#### TASK REQUIREMENTS:
Nothing but an exact copy is asked for: the lines in the material below from the one with "Zippered pockets on" through the one with "Corbata azul claro", pictures excluded.

#### SOURCE DATA:
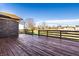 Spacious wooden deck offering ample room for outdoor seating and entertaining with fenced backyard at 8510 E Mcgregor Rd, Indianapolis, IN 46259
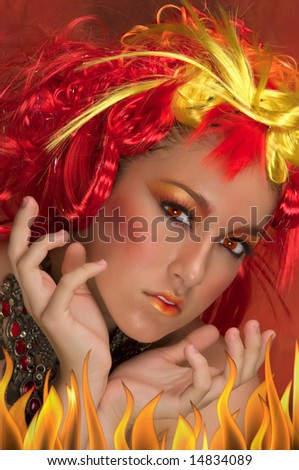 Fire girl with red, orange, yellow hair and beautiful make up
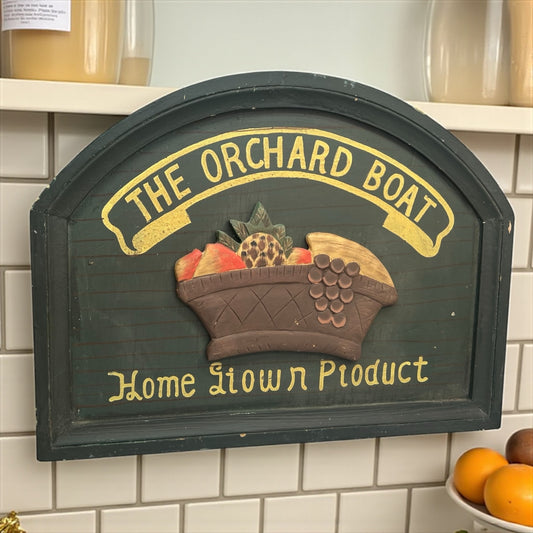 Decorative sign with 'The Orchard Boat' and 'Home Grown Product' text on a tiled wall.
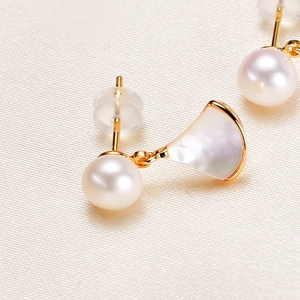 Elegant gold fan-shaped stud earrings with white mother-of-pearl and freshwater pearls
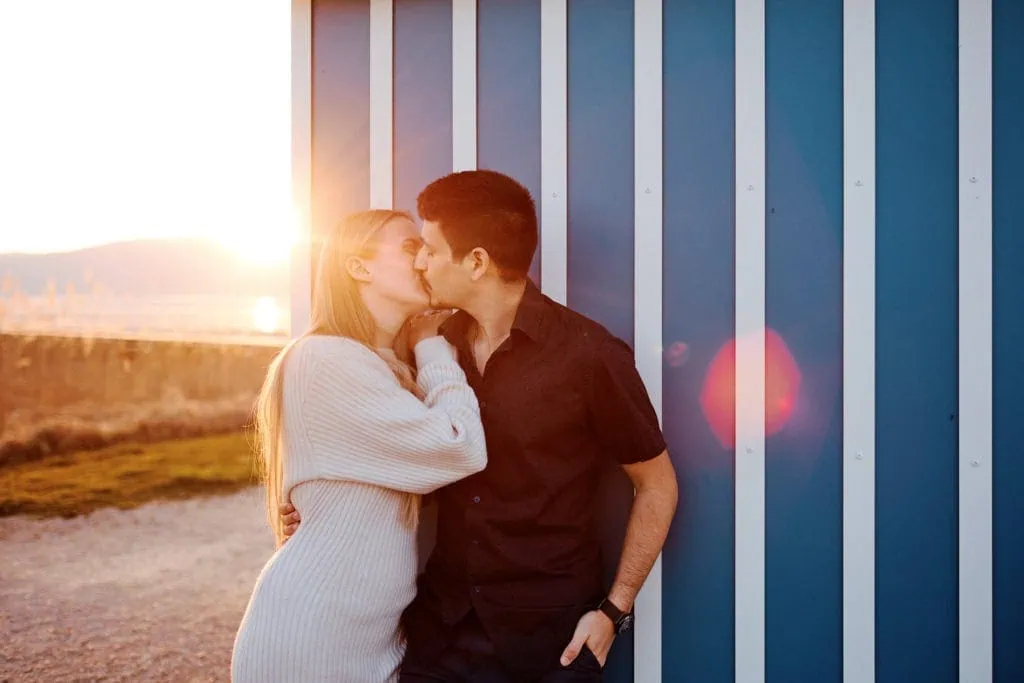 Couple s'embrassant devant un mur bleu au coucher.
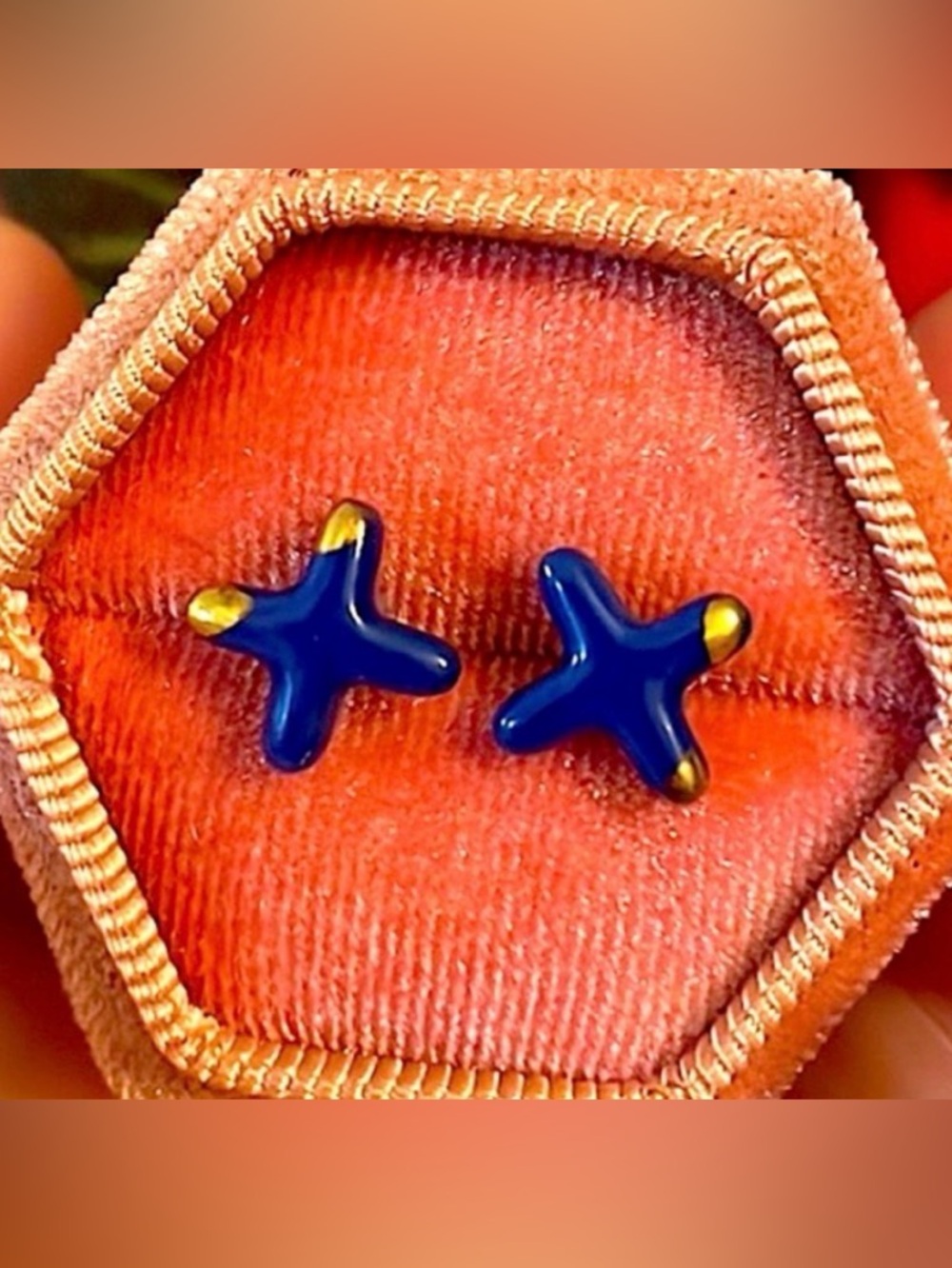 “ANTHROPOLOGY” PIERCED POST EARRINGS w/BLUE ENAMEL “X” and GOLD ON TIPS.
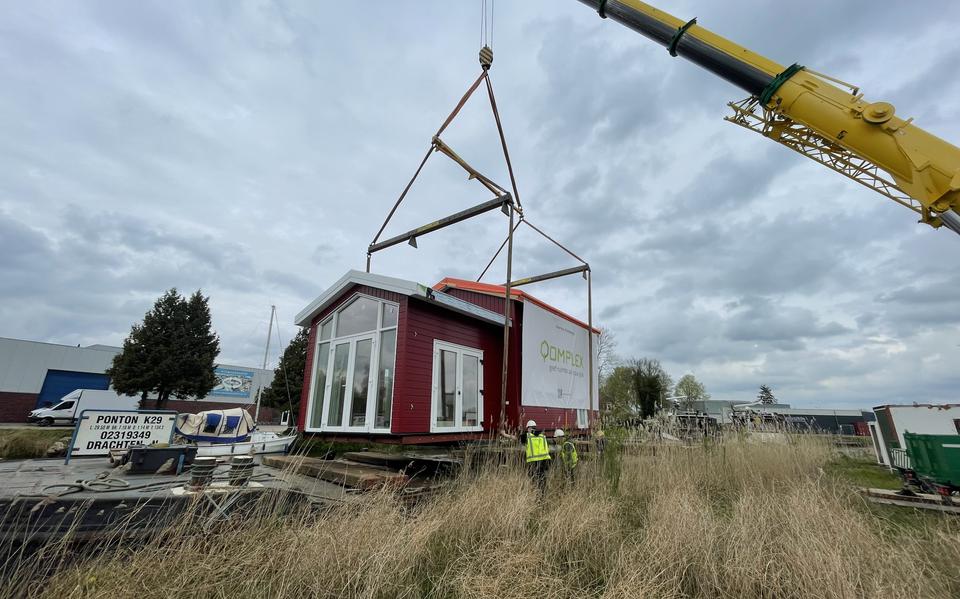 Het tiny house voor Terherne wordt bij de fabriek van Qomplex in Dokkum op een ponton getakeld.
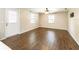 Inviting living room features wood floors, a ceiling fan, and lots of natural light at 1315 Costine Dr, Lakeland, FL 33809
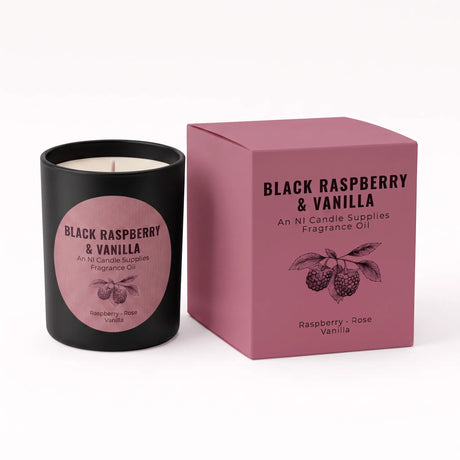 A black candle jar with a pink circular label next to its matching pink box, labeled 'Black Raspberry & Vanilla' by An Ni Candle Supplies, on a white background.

==

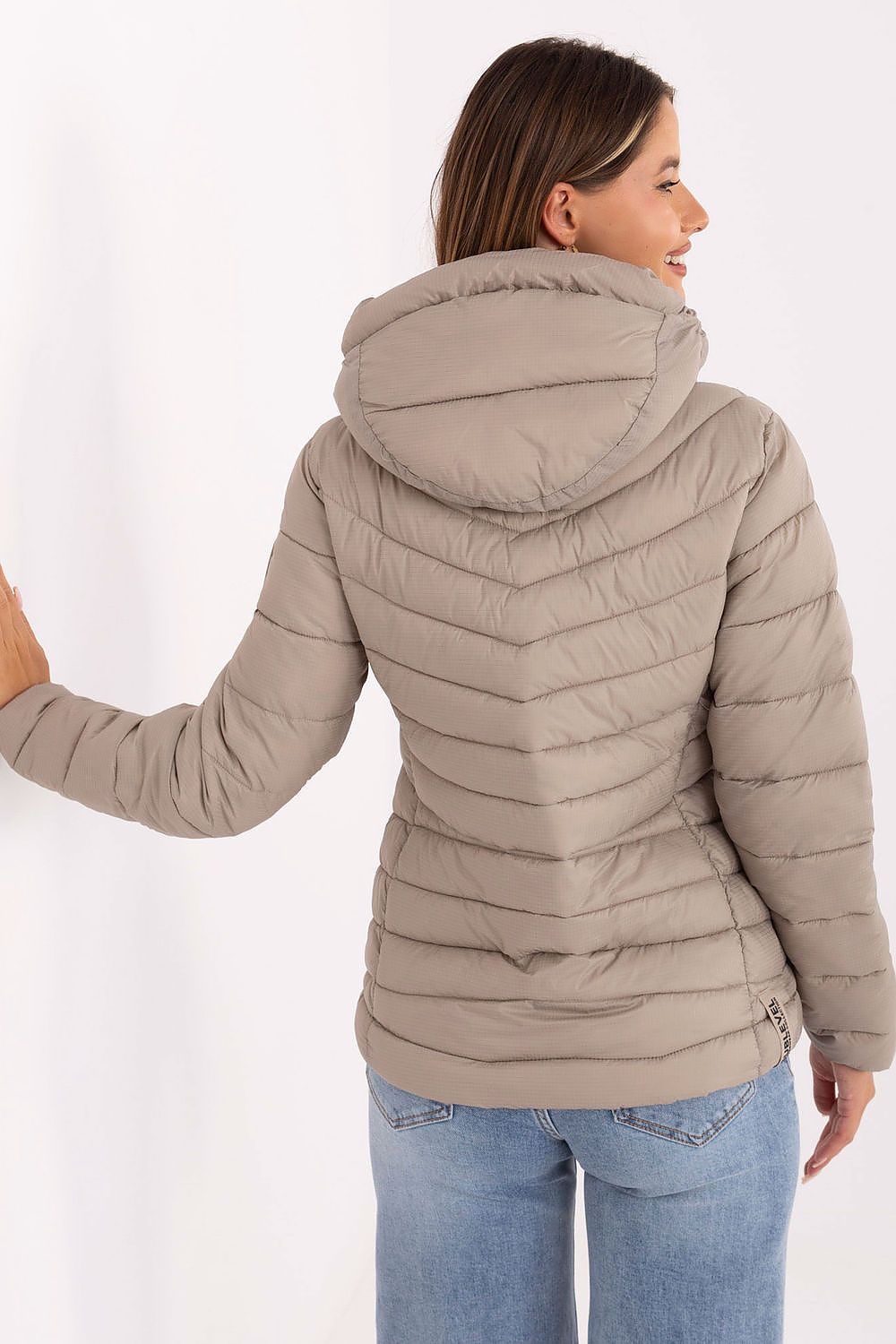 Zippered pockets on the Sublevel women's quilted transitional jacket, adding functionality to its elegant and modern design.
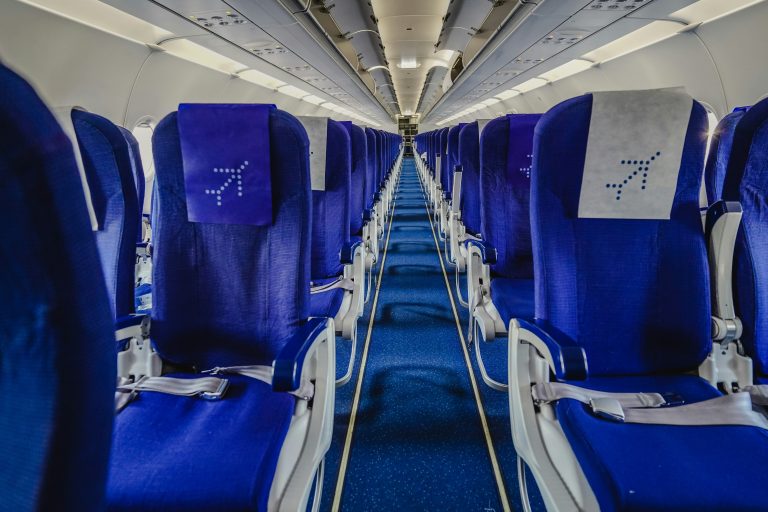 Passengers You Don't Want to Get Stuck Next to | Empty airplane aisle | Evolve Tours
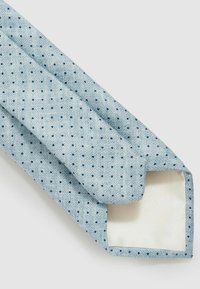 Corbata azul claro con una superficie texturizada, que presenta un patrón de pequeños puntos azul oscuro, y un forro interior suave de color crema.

#### SOLUTION BELOW:
 Zippered pockets on the Sublevel women's quilted transitional jacket, adding functionality to its elegant and modern design.
 Passengers You Don't Want to Get Stuck Next to | Empty airplane aisle | Evolve Tours
 Corbata azul claro con una superficie texturizada, que presenta un patrón de pequeños puntos azul oscuro, y un forro interior suave de color crema.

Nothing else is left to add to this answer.